Add TestNetworkStackService to NetworkStack am: 9e6aeea309 am: 6c47d693b0
Original change: https://android-review.googlesource.com/c/platform/packages/modules/NetworkStack/+/1355068
Change-Id: I451b5459ae43e80328068ad609a0f9d9fd5bb6aa
diff --git a/AndroidManifest.xml b/AndroidManifest.xml
index 879e7ed..82e7047 100644
--- a/AndroidManifest.xml
+++ b/AndroidManifest.xml
@@ -50,6 +50,17 @@
<action android:name="android.net.INetworkStackConnector"/>
</intent-filter>
</service>
+ <!-- Test instrumentation service, only usable on debuggable builds.
+ The service is protected by NETWORK_SETTINGS permissions as there is no better
+ networking-related permission that exists on Q, is sufficiently protected (signature),
+ and can be obtained via shell permissions. -->
+ <service android:name="com.android.server.TestNetworkStackService"
+ android:permission="android.permission.NETWORK_SETTINGS"
+ android:exported="true">
+ <intent-filter>
+ <action android:name="android.net.INetworkStackConnector.Test"/>
+ </intent-filter>
+ </service>
<service android:name="com.android.server.connectivity.ipmemorystore.RegularMaintenanceJobService"

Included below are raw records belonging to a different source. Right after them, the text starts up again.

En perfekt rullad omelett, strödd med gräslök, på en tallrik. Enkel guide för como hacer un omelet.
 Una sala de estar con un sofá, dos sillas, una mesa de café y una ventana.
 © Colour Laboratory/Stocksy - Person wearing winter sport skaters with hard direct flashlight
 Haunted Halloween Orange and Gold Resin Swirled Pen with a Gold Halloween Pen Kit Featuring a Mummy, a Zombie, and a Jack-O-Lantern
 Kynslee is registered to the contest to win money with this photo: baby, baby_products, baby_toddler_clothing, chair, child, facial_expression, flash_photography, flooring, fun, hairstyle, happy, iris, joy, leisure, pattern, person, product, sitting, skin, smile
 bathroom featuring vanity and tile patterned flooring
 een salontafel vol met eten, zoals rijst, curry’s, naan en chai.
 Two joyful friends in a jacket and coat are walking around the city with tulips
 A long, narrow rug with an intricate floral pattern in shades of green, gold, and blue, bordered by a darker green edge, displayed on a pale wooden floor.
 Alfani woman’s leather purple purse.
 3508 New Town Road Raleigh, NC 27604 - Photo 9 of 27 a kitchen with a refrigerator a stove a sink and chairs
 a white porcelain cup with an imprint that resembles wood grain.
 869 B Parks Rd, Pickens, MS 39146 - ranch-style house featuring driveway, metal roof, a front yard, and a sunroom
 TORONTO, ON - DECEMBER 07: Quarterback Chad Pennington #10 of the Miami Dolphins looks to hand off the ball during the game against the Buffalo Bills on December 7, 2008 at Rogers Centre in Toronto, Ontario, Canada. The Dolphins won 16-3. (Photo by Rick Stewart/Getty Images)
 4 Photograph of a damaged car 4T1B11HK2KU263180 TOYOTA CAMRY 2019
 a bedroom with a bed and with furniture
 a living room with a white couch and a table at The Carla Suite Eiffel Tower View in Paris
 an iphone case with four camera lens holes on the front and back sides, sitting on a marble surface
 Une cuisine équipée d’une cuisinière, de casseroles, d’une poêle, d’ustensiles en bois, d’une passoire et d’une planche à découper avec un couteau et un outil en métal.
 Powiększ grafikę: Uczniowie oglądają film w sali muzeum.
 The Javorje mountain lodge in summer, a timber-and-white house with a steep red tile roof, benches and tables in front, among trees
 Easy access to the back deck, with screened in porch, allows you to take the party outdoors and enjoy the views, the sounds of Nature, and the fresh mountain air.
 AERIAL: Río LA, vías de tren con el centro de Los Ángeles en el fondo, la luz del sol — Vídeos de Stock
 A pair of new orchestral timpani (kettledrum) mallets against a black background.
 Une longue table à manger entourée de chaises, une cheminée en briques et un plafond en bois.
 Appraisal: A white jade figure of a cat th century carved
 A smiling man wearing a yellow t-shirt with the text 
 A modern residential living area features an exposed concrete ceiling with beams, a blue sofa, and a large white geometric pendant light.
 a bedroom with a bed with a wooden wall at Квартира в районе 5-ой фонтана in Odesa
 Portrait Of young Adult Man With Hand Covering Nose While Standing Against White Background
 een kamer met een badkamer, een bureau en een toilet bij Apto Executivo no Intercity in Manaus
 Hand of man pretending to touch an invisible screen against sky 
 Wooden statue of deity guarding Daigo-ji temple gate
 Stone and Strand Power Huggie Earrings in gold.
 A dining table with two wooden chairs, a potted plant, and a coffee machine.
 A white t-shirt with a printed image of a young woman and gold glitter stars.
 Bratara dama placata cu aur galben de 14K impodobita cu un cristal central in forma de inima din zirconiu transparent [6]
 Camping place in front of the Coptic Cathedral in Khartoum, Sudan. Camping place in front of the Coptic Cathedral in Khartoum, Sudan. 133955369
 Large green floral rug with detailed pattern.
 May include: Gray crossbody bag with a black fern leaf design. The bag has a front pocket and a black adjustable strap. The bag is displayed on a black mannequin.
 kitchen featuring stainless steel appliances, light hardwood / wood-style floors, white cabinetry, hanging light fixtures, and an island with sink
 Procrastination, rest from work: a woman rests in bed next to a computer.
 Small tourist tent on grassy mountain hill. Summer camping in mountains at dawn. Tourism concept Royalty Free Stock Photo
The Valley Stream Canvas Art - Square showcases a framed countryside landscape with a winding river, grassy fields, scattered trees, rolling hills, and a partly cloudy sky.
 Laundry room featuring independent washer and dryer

android:permission="android.permission.BIND_JOB_SERVICE" >
</service>
diff --git a/common/networkstackclient/Android.bp b/common/networkstackclient/Android.bp
index 0476add..a8b8628 100644
--- a/common/networkstackclient/Android.bp
+++ b/common/networkstackclient/Android.bp
@@ -87,6 +87,8 @@
"src/android/net/dhcp/IDhcpServerCallbacks.aidl",
"src/android/net/ip/IIpClient.aidl",
"src/android/net/ip/IIpClientCallbacks.aidl",
+ // New AIDL classes should go into android.net.networkstack.aidl so they can be clearly
+ // identified
],
backend: {
java: {
diff --git a/common/networkstackclient/aidl_api/networkstack-aidl-interfaces/current/android/net/INetworkStackConnector.aidl b/common/networkstackclient/aidl_api/networkstack-aidl-interfaces/current/android/net/INetworkStackConnector.aidl
index 17a65cf..0864886 100644
--- a/common/networkstackclient/aidl_api/networkstack-aidl-interfaces/current/android/net/INetworkStackConnector.aidl
+++ b/common/networkstackclient/aidl_api/networkstack-aidl-interfaces/current/android/net/INetworkStackConnector.aidl
@@ -22,4 +22,5 @@
oneway void makeNetworkMonitor(in android.net.Network network, String name, in android.net.INetworkMonitorCallbacks cb);
oneway void makeIpClient(in String ifName, in android.net.ip.IIpClientCallbacks callbacks);
oneway void fetchIpMemoryStore(in android.net.IIpMemoryStoreCallbacks cb);
+ oneway void allowTestUid(int uid, in android.net.INetworkStackStatusCallback cb);
}
diff --git a/common/networkstackclient/src/android/net/INetworkStackConnector.aidl b/common/networkstackclient/src/android/net/INetworkStackConnector.aidl
index 3751c36..fa7abf5 100644
--- a/common/networkstackclient/src/android/net/INetworkStackConnector.aidl
+++ b/common/networkstackclient/src/android/net/INetworkStackConnector.aidl
@@ -17,6 +17,7 @@
import android.net.IIpMemoryStoreCallbacks;
import android.net.INetworkMonitorCallbacks;
+import android.net.INetworkStackStatusCallback;
import android.net.Network;
import android.net.dhcp.DhcpServingParamsParcel;
import android.net.dhcp.IDhcpServerCallbacks;
@@ -29,4 +30,21 @@
void makeNetworkMonitor(in Network network, String name, in INetworkMonitorCallbacks cb);
void makeIpClient(in String ifName, in IIpClientCallbacks callbacks);
void fetchIpMemoryStore(in IIpMemoryStoreCallbacks cb);
+ /**
+ * Mark a UID as test UID, allowing it to use the TestNetworkStackService.
+ *
+ * TestNetworkStackService is a binder service identical to NetworkStackService, but only
+ * available on userdebug builds, and only usable by the test UID. It does not require the
+ * MAINLINE_NETWORK_STACK signature permission like NetworkStackService does, so it allows the
+ * test UID to use other methods in this interface even though it would otherwise not have
+ * permission to.
+ *
+ * This method must be called as root and can only be used on debuggable builds. It only affects
+ * the NetworkStack until it is restarted.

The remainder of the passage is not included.